> Input records
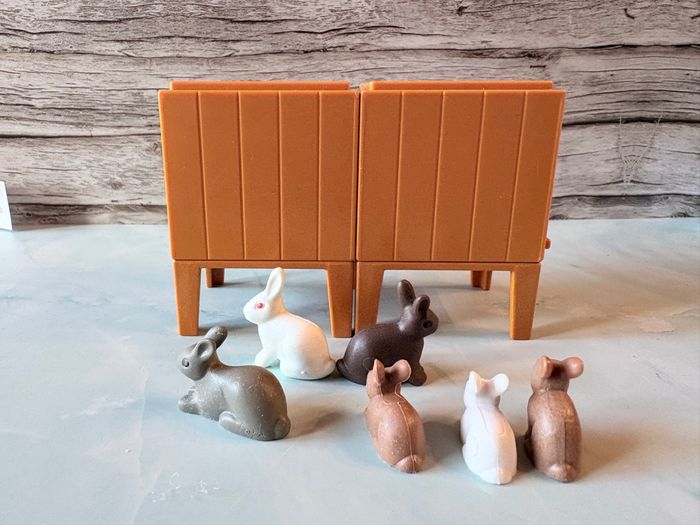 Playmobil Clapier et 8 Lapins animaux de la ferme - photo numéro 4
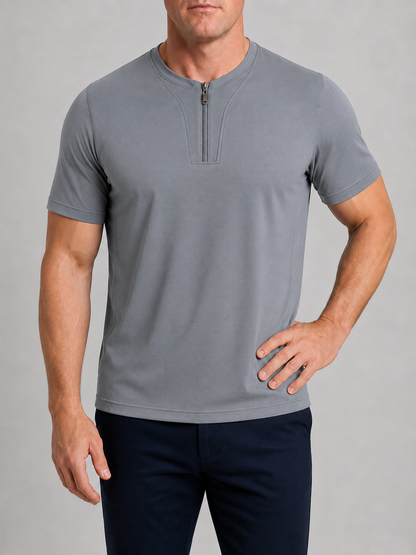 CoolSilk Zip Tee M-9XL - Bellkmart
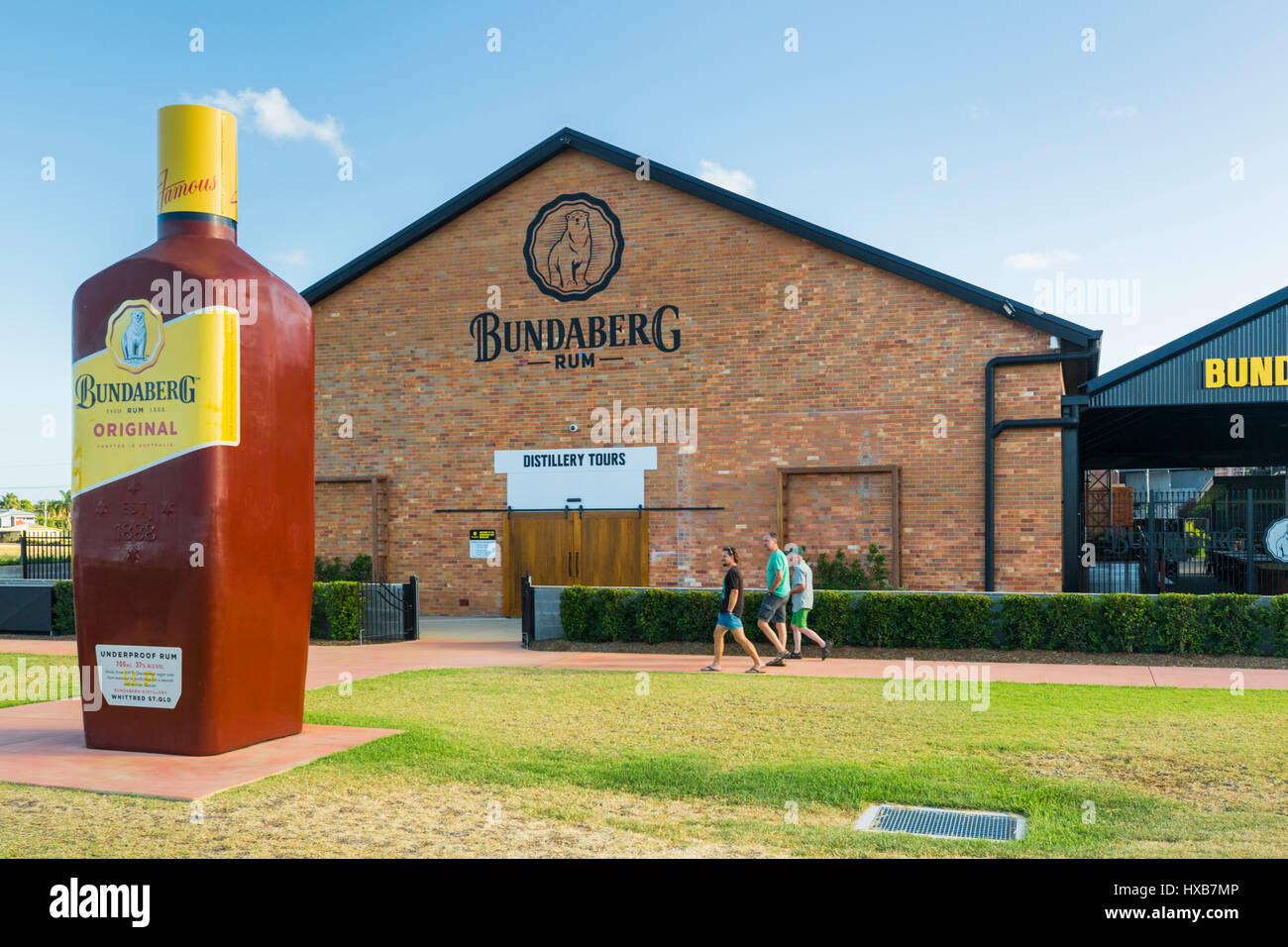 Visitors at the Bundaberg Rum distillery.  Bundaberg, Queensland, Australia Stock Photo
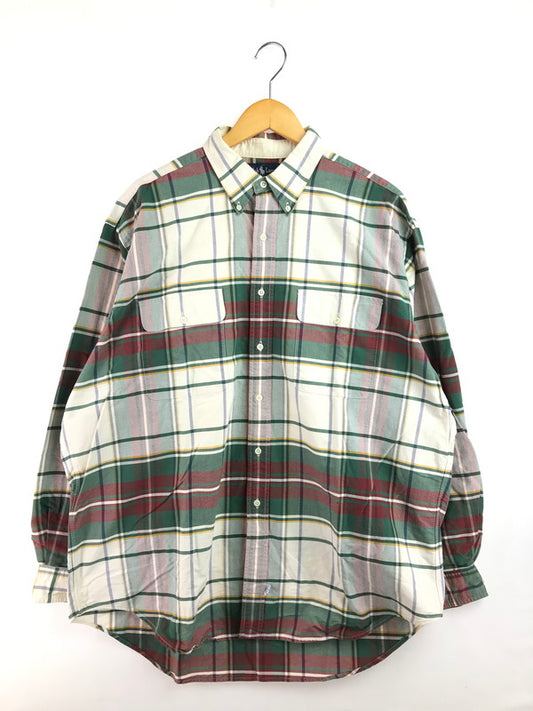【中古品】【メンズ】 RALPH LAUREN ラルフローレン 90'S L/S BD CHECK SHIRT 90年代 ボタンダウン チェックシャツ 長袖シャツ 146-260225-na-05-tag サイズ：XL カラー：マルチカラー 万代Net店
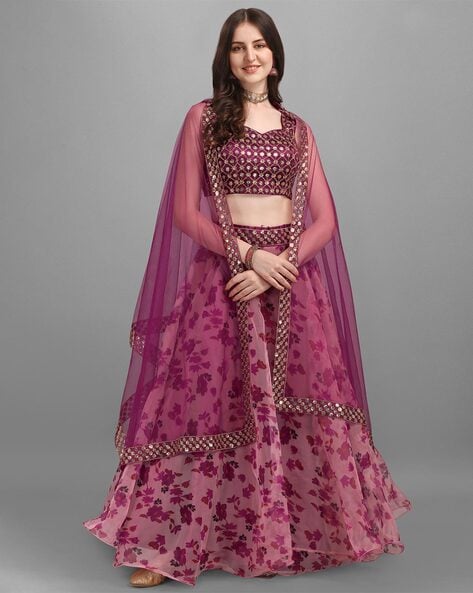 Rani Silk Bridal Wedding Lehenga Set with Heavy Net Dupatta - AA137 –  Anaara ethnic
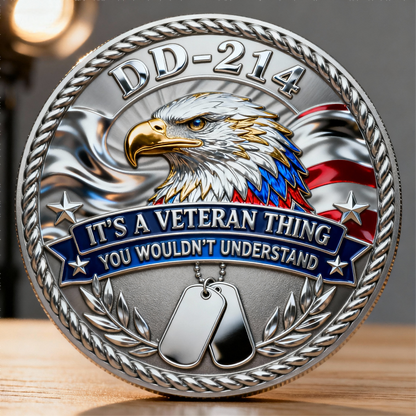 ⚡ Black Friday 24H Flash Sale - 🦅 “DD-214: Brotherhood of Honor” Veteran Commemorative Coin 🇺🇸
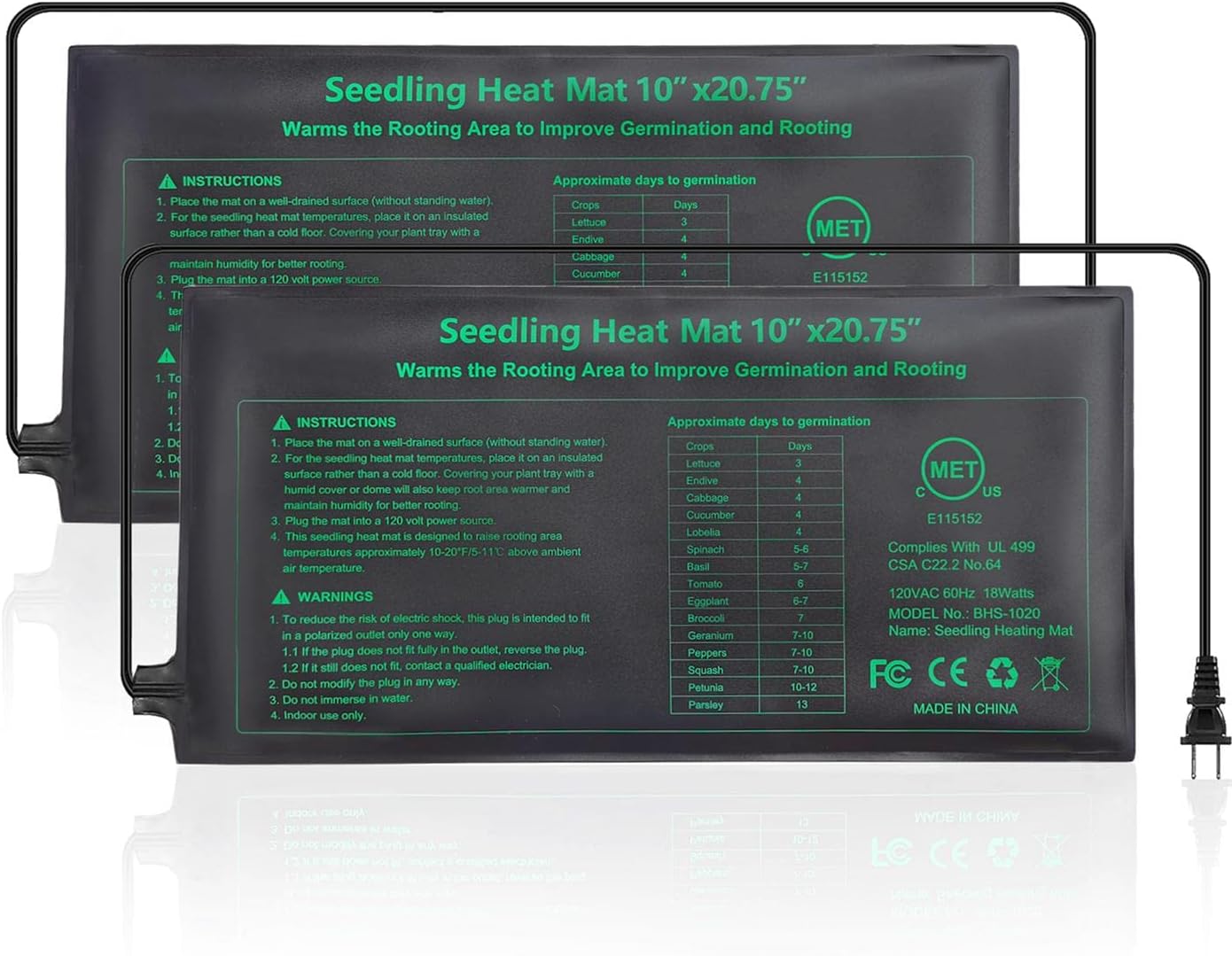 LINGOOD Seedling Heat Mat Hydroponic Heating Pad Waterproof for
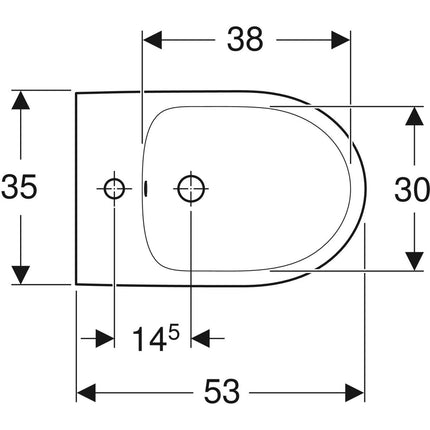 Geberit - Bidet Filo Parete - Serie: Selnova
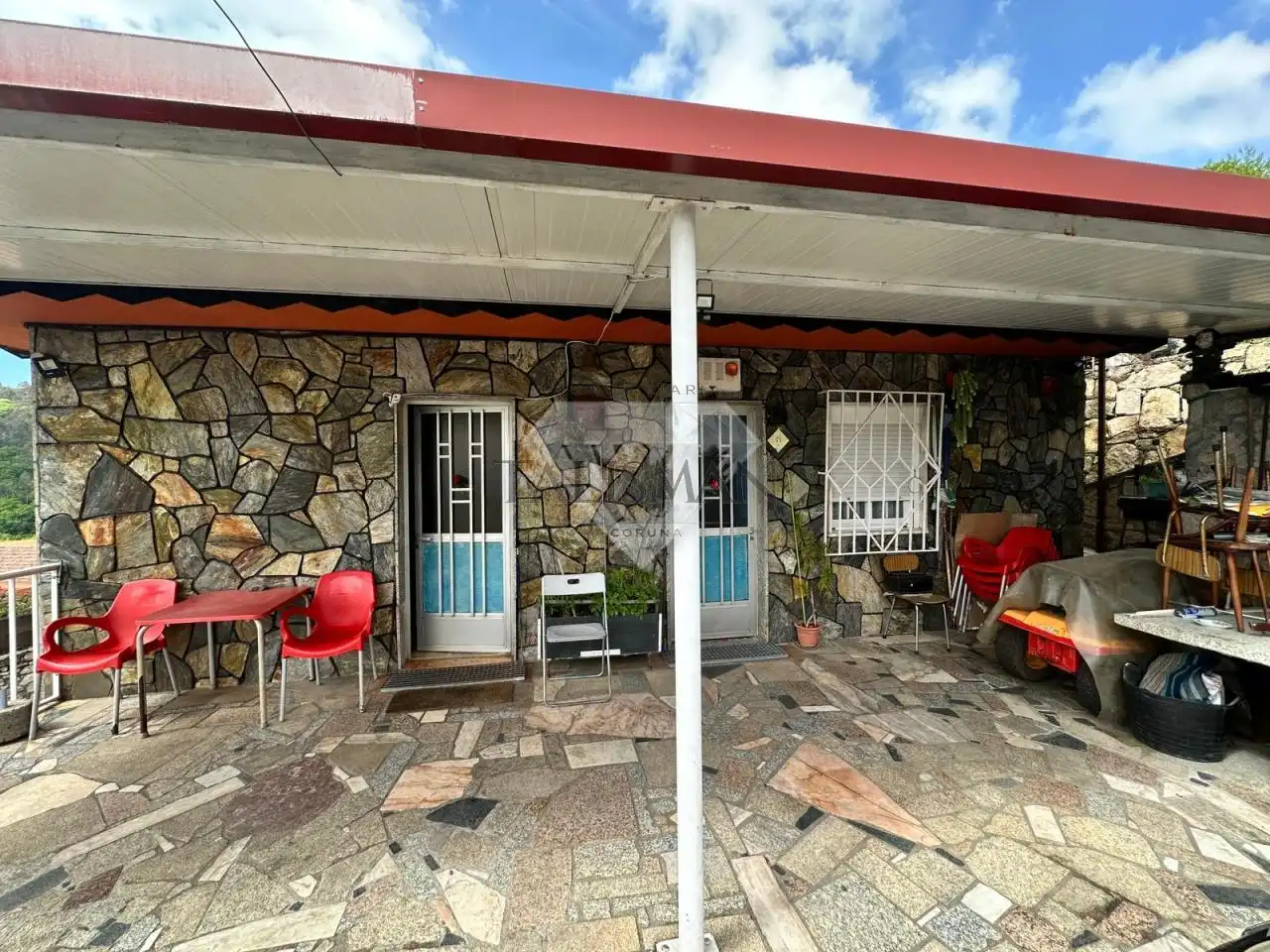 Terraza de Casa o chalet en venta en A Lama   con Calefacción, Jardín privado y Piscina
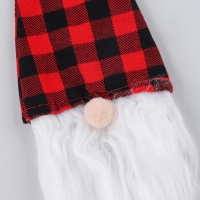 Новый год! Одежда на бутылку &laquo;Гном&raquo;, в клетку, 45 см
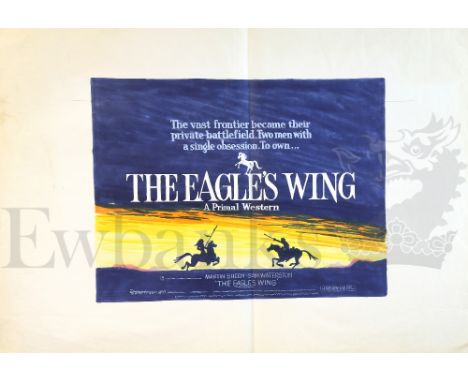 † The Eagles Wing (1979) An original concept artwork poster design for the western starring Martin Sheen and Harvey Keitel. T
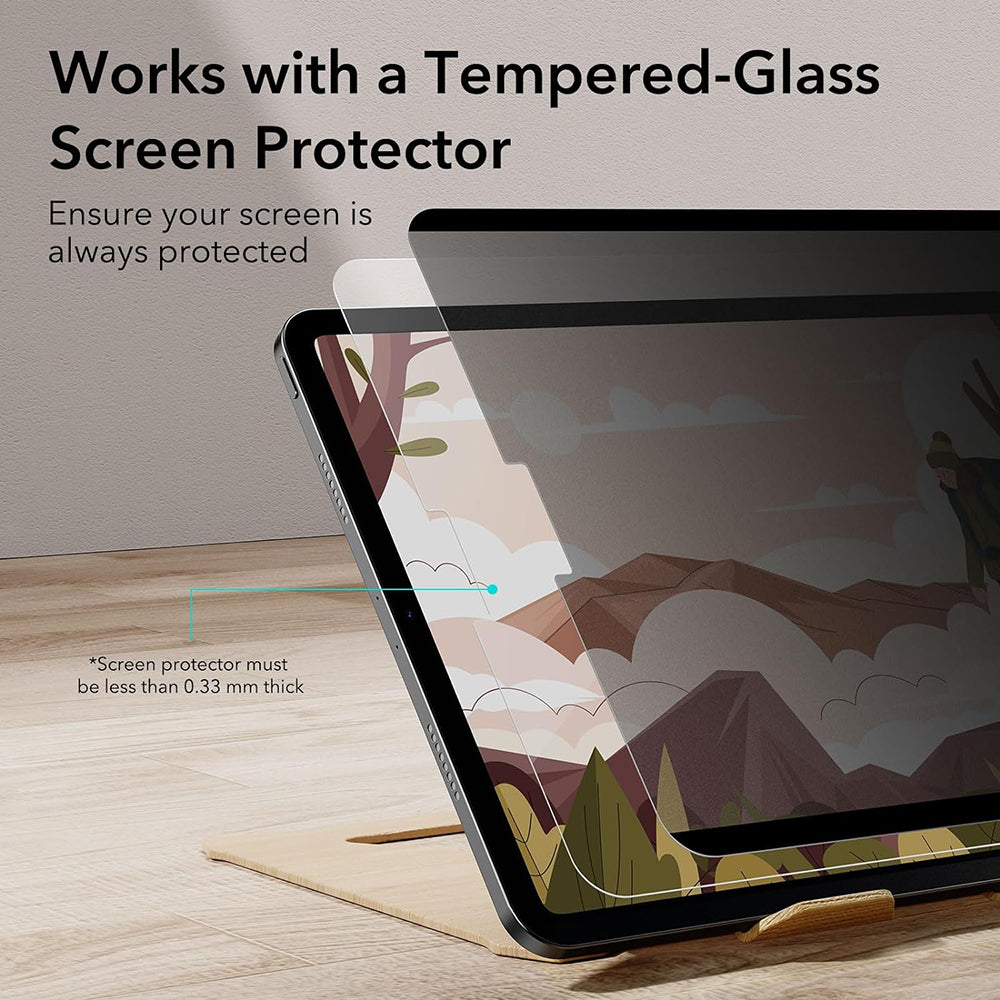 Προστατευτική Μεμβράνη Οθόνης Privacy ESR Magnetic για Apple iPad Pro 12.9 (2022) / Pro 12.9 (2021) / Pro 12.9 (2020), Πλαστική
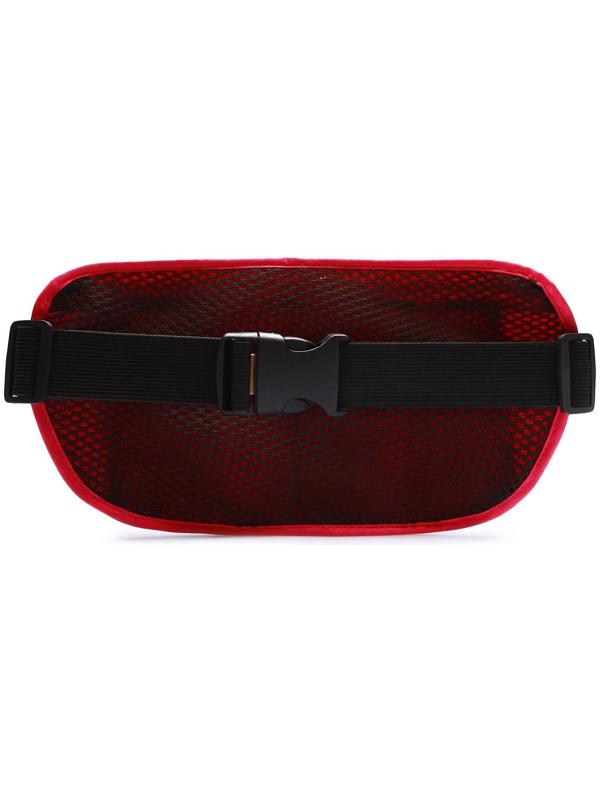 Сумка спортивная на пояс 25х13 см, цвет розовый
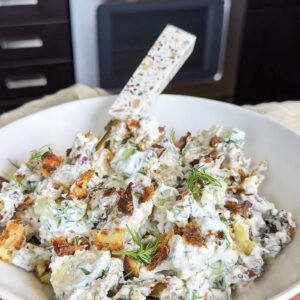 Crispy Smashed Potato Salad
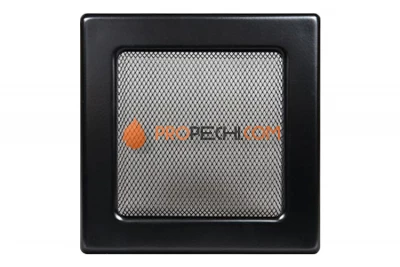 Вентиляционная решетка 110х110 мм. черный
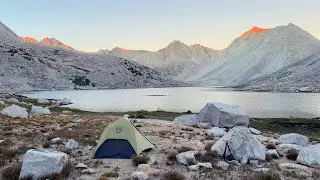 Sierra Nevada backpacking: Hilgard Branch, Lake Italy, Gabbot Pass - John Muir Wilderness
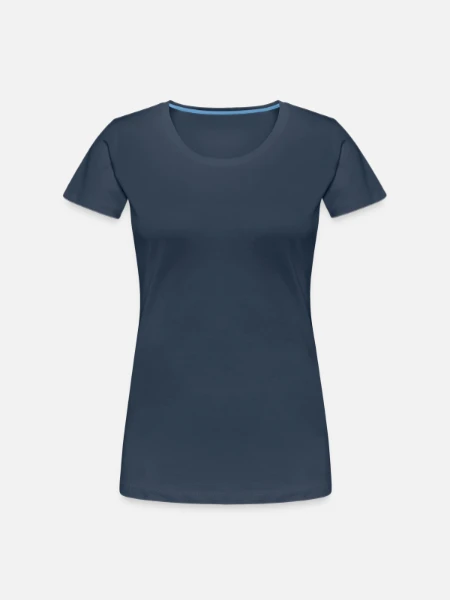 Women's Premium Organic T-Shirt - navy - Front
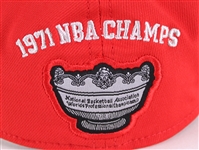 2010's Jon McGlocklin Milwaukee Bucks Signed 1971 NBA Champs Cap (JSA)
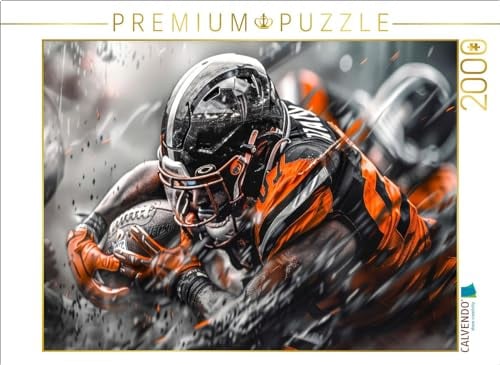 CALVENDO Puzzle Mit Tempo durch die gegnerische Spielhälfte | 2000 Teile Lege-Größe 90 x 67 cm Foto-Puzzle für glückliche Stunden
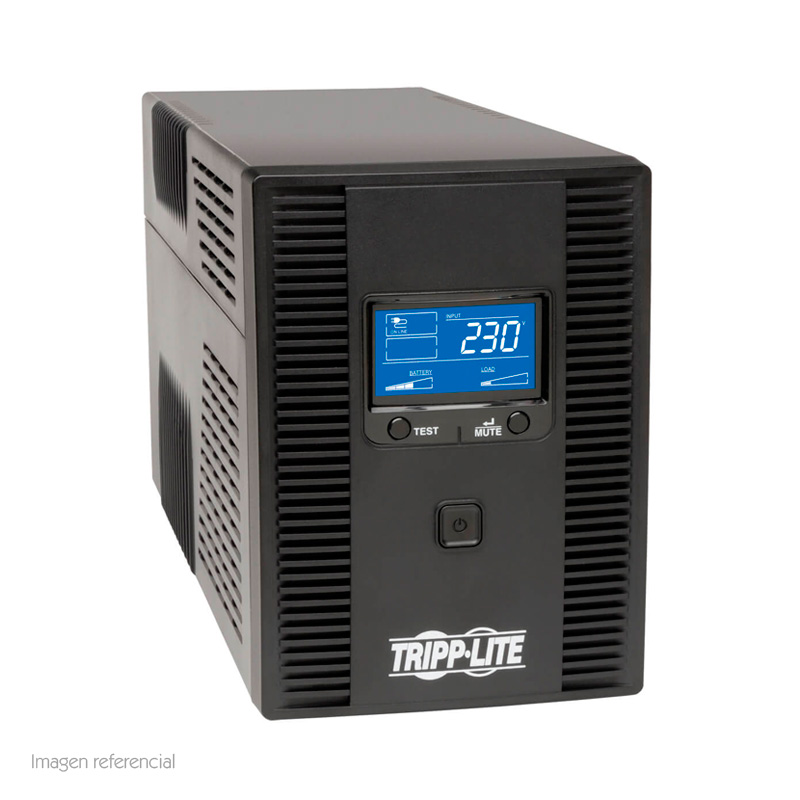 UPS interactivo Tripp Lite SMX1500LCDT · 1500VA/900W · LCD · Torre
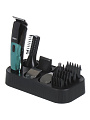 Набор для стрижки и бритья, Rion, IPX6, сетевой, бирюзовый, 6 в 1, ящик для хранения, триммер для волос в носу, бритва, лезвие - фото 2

> Prompt
The records are to be returned word for word, without any of their pictures.

> Response for this exercise
 Playmobil Clapier et 8 Lapins animaux de la ferme - photo numéro 4
 CoolSilk Zip Tee M-9XL - Bellkmart
 Visitors at the Bundaberg Rum distillery.  Bundaberg, Queensland, Australia Stock Photo
【中古品】【メンズ】 RALPH LAUREN ラルフローレン 90'S L/S BD CHECK SHIRT 90年代 ボタンダウン チェックシャツ 長袖シャツ 146-260225-na-05-tag サイズ：XL カラー：マルチカラー 万代Net店
 Rani Silk Bridal Wedding Lehenga Set with Heavy Net Dupatta - AA137 –  Anaara ethnic
 ⚡ Black Friday 24H Flash Sale - 🦅 “DD-214: Brotherhood of Honor” Veteran Commemorative Coin 🇺🇸
 LINGOOD Seedling Heat Mat Hydroponic Heating Pad Waterproof for
 Geberit - Bidet Filo Parete - Serie: Selnova
 Terraza de Casa o chalet en venta en A Lama   con Calefacción, Jardín privado y Piscina
 Новый год! Одежда на бутылку &laquo;Гном&raquo;, в клетку, 45 см
 † The Eagles Wing (1979) An original concept artwork poster design for the western starring Martin Sheen and Harvey Keitel. T
 Προστατευτική Μεμβράνη Οθόνης Privacy ESR Magnetic για Apple iPad Pro 12.9 (2022) / Pro 12.9 (2021) / Pro 12.9 (2020), Πλαστική
 Сумка спортивная на пояс 25х13 см, цвет розовый
 Crispy Smashed Potato Salad
 Вентиляционная решетка 110х110 мм. черный
 Sierra Nevada backpacking: Hilgard Branch, Lake Italy, Gabbot Pass - John Muir Wilderness
 Women's Premium Organic T-Shirt - navy - Front
 2010's Jon McGlocklin Milwaukee Bucks Signed 1971 NBA Champs Cap (JSA)
 CALVENDO Puzzle Mit Tempo durch die gegnerische Spielhälfte | 2000 Teile Lege-Größe 90 x 67 cm Foto-Puzzle für glückliche Stunden
 UPS interactivo Tripp Lite SMX1500LCDT · 1500VA/900W · LCD · Torre
 Набор для стрижки и бритья, Rion, IPX6, сетевой, бирюзовый, 6 в 1, ящик для хранения, триммер для волос в носу, бритва, лезвие - фото 2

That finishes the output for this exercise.